◆ REQUIREMENT
All lines below starting at the one that holds "Uern reúne instituições" and ending at the one that holds "Lifted Anchors Rialto" should be printed exactly, ends included. Pictures should not be printed, nor anything else.

◆ SUPPLIED ENTRIES

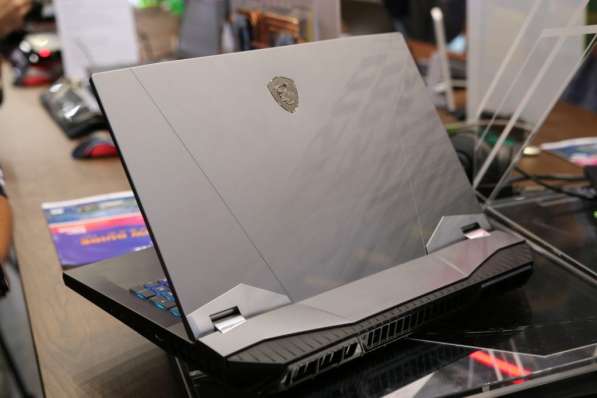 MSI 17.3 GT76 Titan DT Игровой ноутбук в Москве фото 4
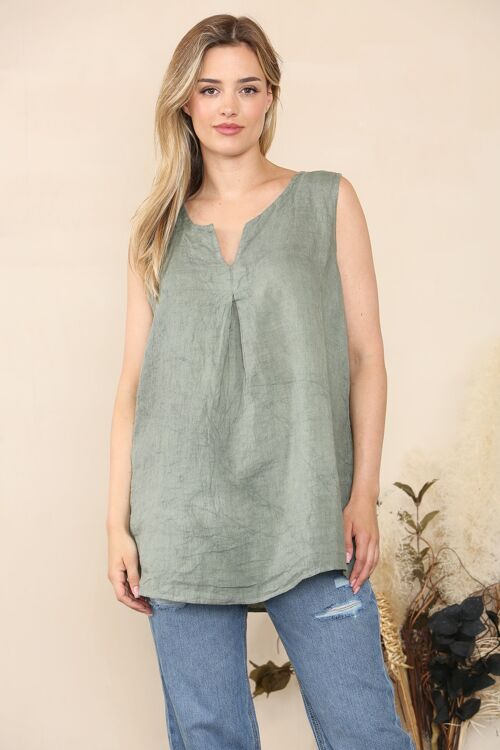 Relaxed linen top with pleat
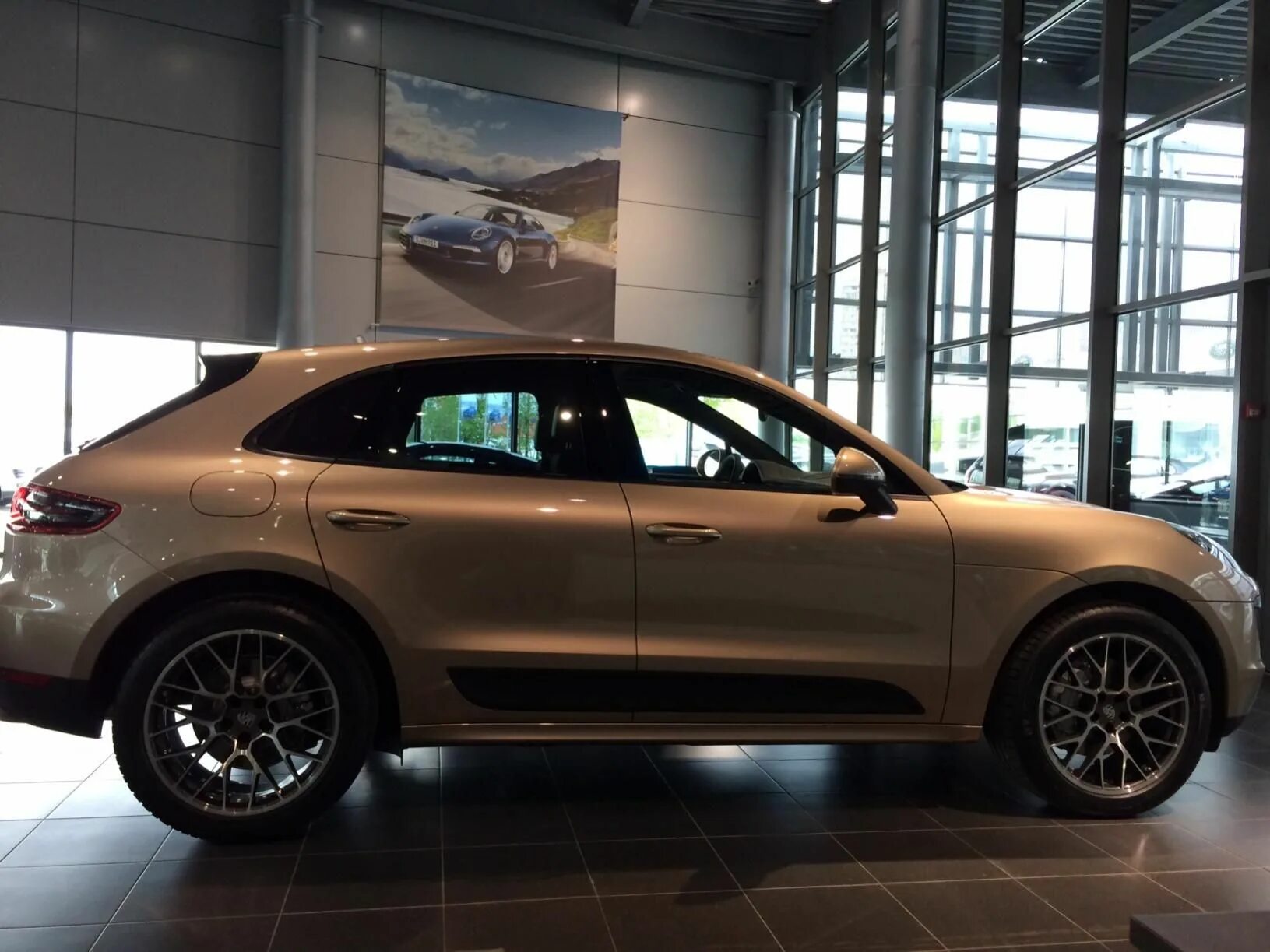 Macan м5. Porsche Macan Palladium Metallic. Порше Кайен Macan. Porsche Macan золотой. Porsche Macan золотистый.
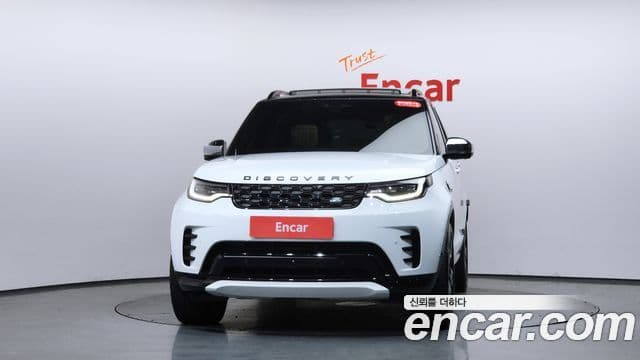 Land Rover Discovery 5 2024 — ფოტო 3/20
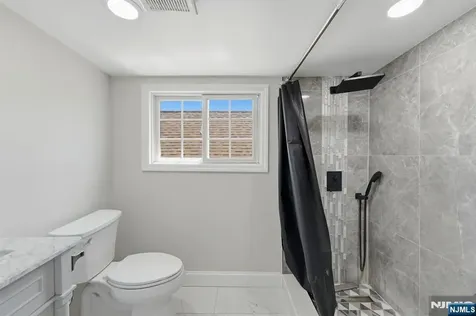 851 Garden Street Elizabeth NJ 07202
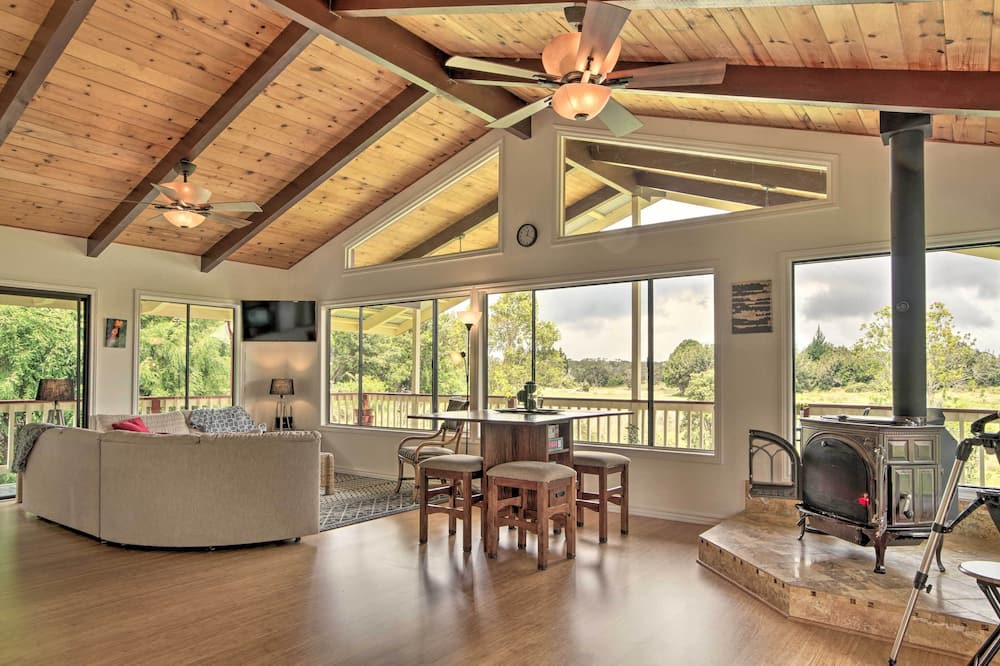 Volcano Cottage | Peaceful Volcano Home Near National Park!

* * *

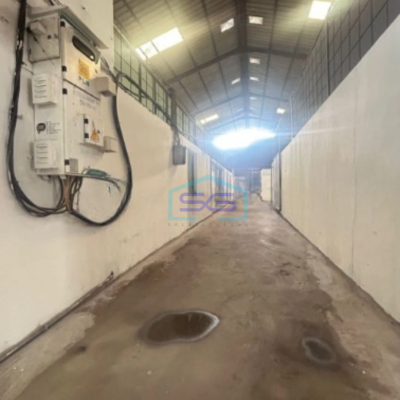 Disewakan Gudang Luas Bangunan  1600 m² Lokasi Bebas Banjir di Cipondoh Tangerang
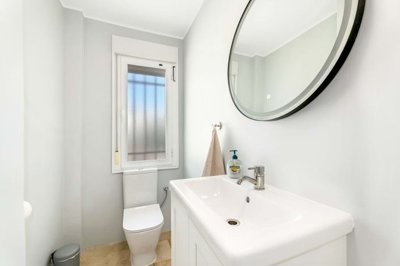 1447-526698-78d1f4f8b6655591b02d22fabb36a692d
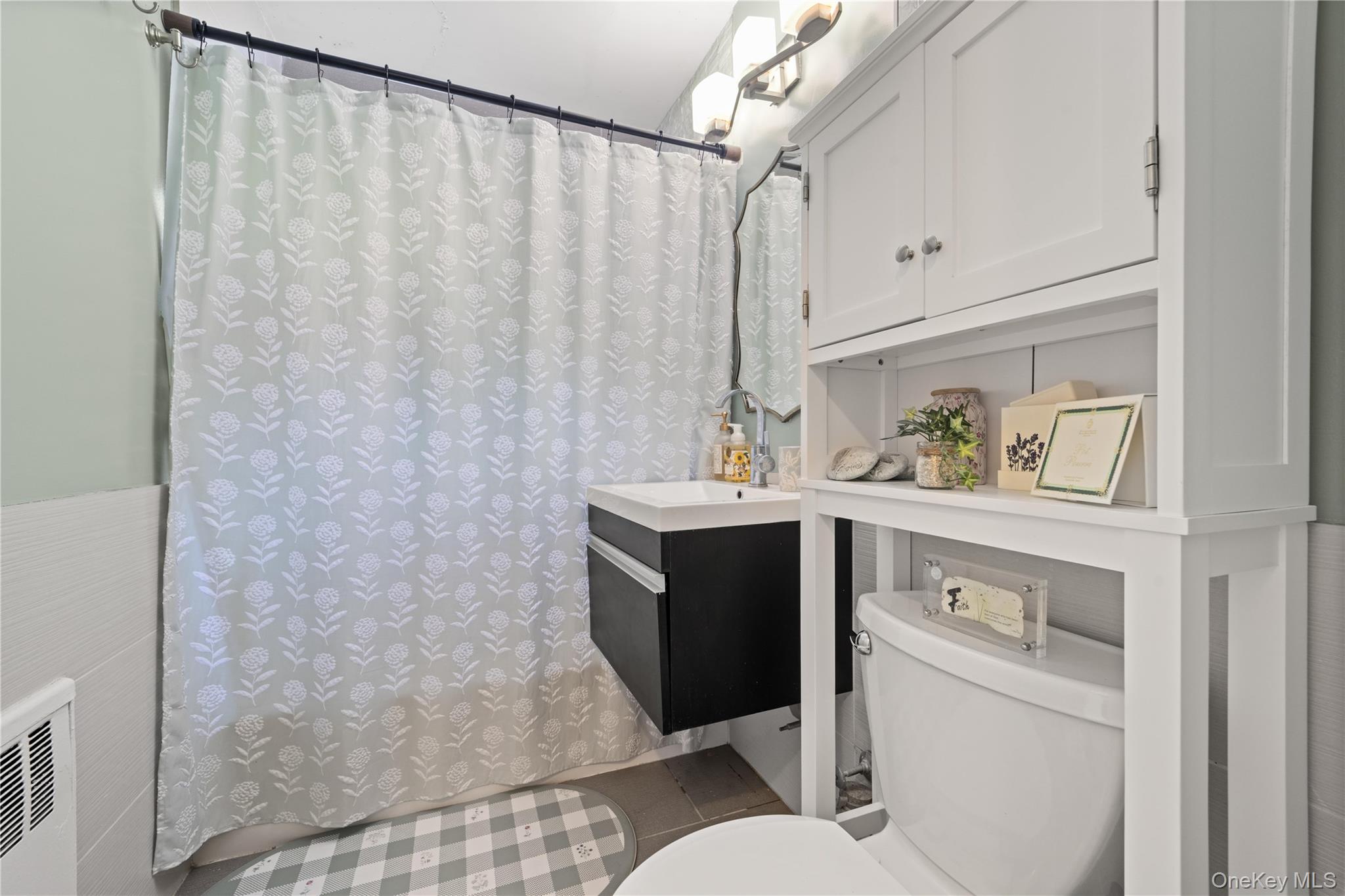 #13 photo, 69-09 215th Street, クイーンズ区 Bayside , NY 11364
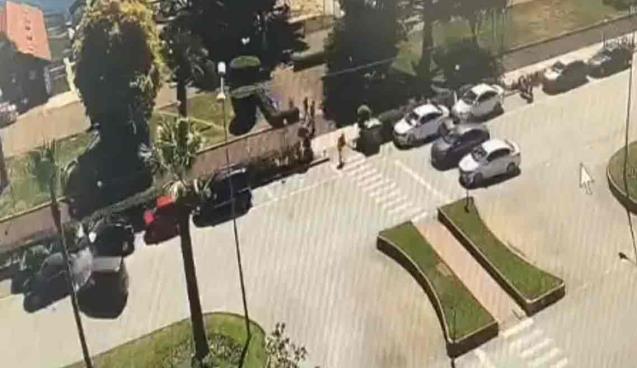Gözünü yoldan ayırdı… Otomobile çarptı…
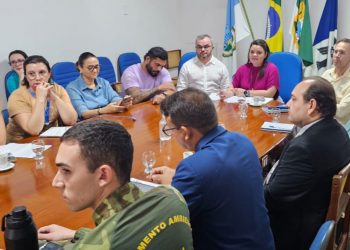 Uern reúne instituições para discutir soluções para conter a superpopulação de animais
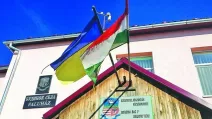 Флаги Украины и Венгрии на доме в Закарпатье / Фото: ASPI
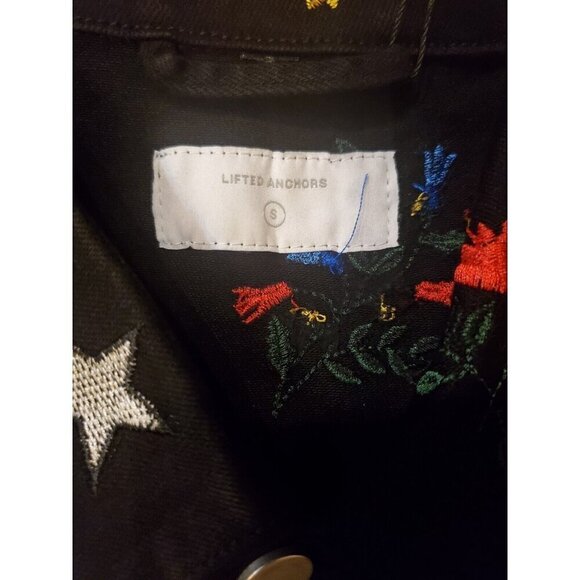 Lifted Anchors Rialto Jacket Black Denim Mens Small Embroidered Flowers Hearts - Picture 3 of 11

◆ SOLUTION TO THIS TASK
 Uern reúne instituições para discutir soluções para conter a superpopulação de animais
 Флаги Украины и Венгрии на доме в Закарпатье / Фото: ASPI
 Lifted Anchors Rialto Jacket Black Denim Mens Small Embroidered Flowers Hearts - Picture 3 of 11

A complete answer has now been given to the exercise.